Pero a veces la culpabilidad no alcanza a la hora de empezar a escribir, Hemingway cuenta en París era una fiesta (feliz traducción de Gabriel Ferrater que, con el uso del pretérito imperfecto mejora, el título original A Moveable Feast): «A veces, cuando empezaba un cuento y no había modo que arrancara, de pie miraba los tejados de Paris y pensaba: “no te preocupes, hasta ahora has escrito y seguirás escribiendo. Lo único que tienes que hacer es escribir una frase verídica, tan verídica como sepas”. De modo que, al cabo, escribía una frase verídica y a partir de allí seguía adelante». Hemingway se suicidó luego de una larga y profunda crisis depresiva, cuando concluyó que “ya no le salía” -la frase verídica-. Pero entre sus papeles figuraba, casi lista, Islas en el golfo, la más polifónica y osada de sus novelas, que, para variar, transcurre gran parte en el mar.

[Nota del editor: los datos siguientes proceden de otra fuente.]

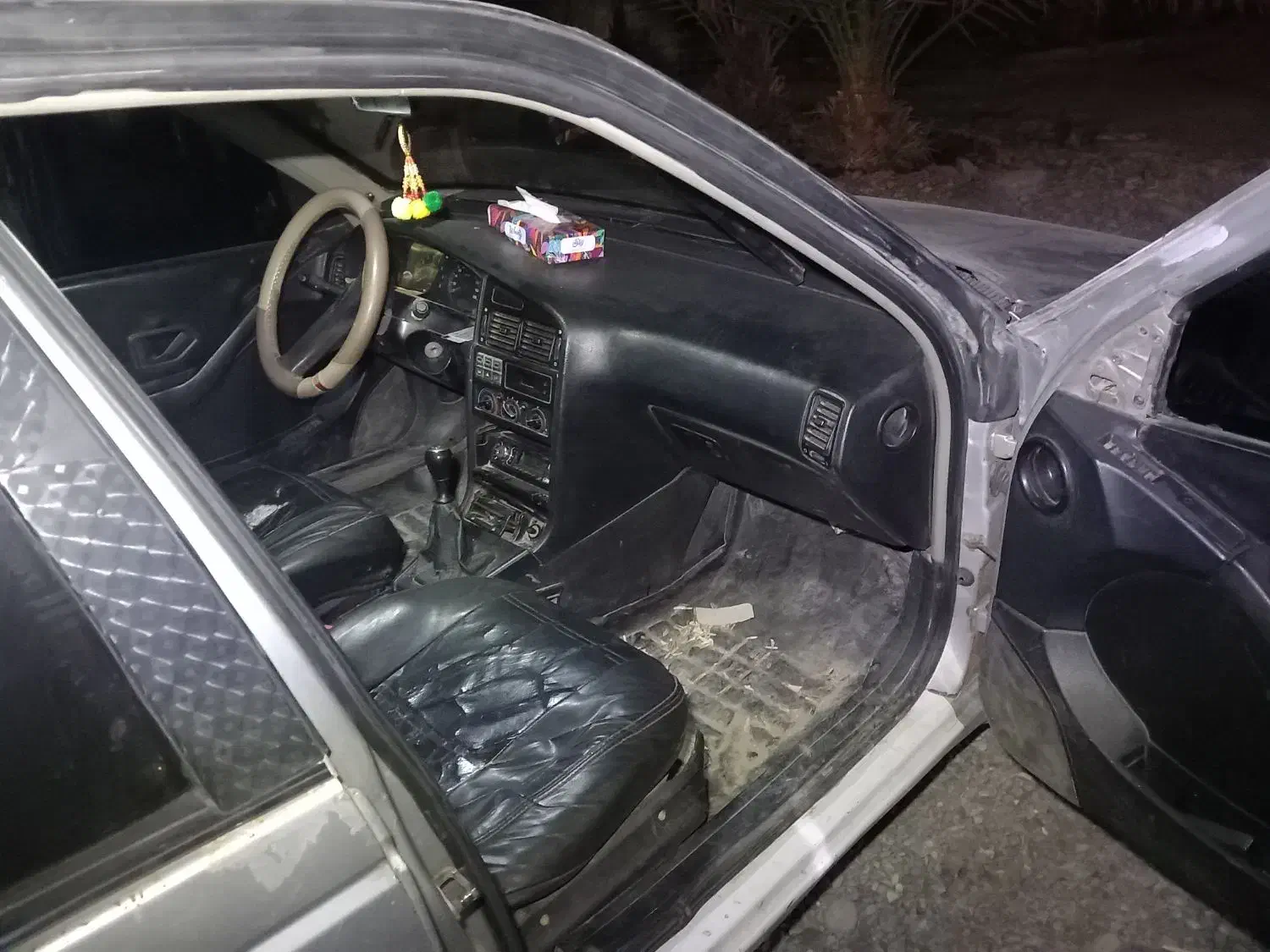 پژو|خودرو سواری و وانت|عنبرآباد, |دیوار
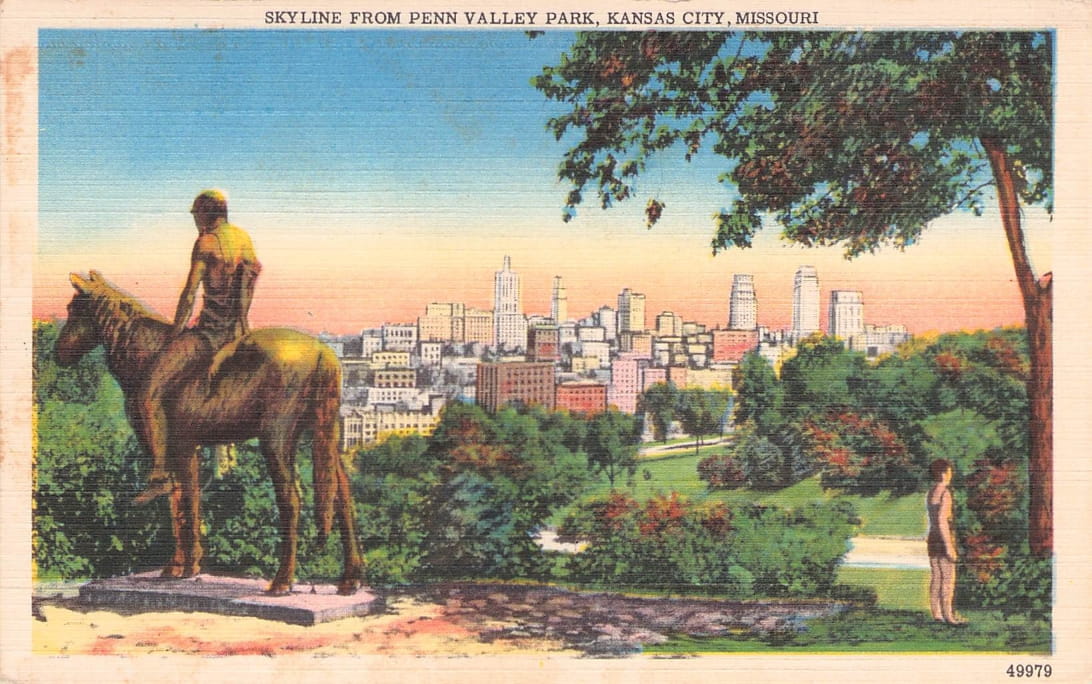 Jackson County, MO (165 items)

Desde el encierro en el Claustro, en la primeras estrofas de un soneto, Sor Juana nos dejó una alegoría del riesgo de asumir la singladura solitaria a la hora de pensar en escribir: “Si los riesgos del mar considerara / ninguno se embarcara, si antes viera / bien su peligro, nadie se atreviera, / ni al bravo toro osado provocara”.
Al igual que Sor Juana, Emily Dickinson, también llevó una vida sedentaria, pero, además, compartió con muy poca gente sus poemas -no llegó a publicar media docena en vida-, y el conocimiento de su obra es póstumo; pero, desde su casa en Amherst, vislumbró las singladuras de la creación literaria, por aquello de: “There is no Frigate like a Book / To take us Lands away” (No hay Fragata como un libro / para llevarnos a Tierras lejanas).
Si para Julio Ramón Ribeyro, una de las razones para escribir era la búsqueda de la fama, de nuevo, desde su provinciano refugio, Emily Dickinson puso coto a esos vuelos, por aquello de “Fame is a bee / It has a song / It has a sting / Ah, too, it has a wing” (La Fama es una abeja / Tiene canción / Tiene aguijón / Ah, también tiene alas”.